About this exercise: In the entries that follow, how many lines hold the string "with"? Give only that number.
========
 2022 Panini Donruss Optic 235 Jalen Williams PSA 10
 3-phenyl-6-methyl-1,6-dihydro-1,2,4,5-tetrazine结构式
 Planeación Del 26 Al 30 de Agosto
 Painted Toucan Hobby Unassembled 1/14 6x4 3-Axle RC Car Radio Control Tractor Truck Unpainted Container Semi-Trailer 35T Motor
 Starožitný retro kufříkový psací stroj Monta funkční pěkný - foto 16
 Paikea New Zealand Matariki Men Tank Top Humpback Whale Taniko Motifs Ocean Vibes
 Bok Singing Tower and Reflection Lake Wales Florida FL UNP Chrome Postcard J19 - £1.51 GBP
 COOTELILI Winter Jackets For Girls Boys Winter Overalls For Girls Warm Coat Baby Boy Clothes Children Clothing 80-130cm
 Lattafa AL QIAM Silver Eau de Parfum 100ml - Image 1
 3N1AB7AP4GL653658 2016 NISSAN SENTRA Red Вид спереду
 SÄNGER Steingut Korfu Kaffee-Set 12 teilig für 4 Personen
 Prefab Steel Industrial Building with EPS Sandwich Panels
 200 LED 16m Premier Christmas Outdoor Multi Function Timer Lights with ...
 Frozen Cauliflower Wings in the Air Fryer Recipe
========
Result for this exercise: 2